Delhi HC CJ Rejects Kejriwal's Excise Case Transfer Plea, Prompting Supreme Court Appeal
In a pivotal escalation in the long-running Delhi excise policy corruption saga, Delhi High Court Chief Justice Devendra Kumar Upadhyaya has dismissed Aam Aadmi Party (AAP) supremo Arvind Kejriwal's administrative request to transfer the Central Bureau of Investigation's (CBI) revision petition—from challenging his discharge and that of 22 others—from Justice Swarana Kanta Sharma's bench to another judge. The decision, rendered on the administrative side, underscores the primacy of judicial rosters amid claims of a
"grave, bona fide, and reasonable apprehension"
of bias. Undeterred, Kejriwal and senior AAP leader Manish Sisodia have swiftly approached the Supreme Court under Article 32 of the Constitution, challenging both the Chief Justice's order and Justice Sharma's March 9 interlocutory observations, setting the stage for a higher judicial scrutiny just a day before the CBI plea is slated for hearing.
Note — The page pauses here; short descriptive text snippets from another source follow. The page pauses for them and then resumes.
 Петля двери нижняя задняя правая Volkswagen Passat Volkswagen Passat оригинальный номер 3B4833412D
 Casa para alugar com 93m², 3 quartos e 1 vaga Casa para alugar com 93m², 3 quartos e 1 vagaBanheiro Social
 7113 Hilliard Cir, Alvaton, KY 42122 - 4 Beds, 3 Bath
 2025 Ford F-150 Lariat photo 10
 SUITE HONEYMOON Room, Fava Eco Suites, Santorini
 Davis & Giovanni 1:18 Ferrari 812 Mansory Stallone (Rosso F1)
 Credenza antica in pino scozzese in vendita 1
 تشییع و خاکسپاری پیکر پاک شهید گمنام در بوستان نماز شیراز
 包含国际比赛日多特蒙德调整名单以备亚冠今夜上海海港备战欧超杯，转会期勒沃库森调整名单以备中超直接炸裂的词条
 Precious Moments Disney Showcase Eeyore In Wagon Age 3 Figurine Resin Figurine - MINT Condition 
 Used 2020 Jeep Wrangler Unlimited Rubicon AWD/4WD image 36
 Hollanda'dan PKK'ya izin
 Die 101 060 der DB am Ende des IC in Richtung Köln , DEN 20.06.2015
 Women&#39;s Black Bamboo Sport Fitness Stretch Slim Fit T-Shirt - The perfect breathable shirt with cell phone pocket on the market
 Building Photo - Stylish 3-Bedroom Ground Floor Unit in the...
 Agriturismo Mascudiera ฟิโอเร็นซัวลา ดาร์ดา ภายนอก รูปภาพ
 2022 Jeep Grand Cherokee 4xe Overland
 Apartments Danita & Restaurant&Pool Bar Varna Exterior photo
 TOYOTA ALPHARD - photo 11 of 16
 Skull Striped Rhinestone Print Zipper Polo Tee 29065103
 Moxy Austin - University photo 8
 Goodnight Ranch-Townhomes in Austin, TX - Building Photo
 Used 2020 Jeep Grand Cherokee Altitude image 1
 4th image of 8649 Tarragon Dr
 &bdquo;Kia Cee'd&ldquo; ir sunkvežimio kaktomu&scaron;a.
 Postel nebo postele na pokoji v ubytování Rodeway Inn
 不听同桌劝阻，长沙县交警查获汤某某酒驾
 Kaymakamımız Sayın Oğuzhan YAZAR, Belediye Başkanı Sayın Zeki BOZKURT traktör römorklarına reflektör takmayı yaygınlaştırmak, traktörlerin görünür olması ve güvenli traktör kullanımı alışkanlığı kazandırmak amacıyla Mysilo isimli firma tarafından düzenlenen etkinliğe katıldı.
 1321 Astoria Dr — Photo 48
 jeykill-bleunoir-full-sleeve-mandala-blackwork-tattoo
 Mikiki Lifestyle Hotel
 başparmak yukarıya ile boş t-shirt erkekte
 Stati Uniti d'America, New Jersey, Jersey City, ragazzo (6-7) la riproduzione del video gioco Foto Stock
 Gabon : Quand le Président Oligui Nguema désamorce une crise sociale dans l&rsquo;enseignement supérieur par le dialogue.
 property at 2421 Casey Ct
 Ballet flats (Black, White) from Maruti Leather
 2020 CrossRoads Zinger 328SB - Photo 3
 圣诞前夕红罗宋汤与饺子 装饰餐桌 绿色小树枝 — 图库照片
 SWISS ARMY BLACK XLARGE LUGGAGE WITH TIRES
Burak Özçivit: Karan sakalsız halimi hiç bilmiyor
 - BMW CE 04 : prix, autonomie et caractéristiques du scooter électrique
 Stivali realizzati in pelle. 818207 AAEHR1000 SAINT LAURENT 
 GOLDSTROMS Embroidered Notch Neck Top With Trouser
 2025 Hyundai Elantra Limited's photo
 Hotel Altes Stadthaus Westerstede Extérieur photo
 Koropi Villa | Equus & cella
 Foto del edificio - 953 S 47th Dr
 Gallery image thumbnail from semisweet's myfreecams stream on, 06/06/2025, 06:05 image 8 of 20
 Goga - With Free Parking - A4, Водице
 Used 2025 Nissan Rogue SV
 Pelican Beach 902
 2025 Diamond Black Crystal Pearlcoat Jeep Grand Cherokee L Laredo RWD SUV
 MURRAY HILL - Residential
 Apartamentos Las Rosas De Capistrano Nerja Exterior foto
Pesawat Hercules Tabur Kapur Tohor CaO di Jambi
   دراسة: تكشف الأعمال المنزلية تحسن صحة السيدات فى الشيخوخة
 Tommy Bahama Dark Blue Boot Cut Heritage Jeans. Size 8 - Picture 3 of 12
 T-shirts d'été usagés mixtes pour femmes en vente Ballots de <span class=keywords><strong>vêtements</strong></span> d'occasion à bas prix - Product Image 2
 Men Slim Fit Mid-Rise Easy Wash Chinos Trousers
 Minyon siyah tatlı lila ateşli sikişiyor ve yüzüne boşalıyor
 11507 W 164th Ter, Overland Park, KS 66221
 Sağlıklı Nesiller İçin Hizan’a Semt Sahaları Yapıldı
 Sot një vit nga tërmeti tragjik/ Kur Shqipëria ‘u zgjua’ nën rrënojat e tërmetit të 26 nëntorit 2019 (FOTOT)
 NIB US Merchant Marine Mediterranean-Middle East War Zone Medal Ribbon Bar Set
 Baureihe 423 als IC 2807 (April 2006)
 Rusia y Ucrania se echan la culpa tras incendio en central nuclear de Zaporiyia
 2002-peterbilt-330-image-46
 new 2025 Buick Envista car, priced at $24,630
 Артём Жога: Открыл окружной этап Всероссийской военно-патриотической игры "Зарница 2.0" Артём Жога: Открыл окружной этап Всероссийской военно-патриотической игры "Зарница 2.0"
This development reignites debates on judicial impartiality in politically charged probes, where prima facie remarks at nascent stages can fuel recusal demands. For legal practitioners tracking high-stakes corruption cases, it highlights the delicate balance between roster allocations, subjective bias perceptions, and the constitutional right to a fair trial.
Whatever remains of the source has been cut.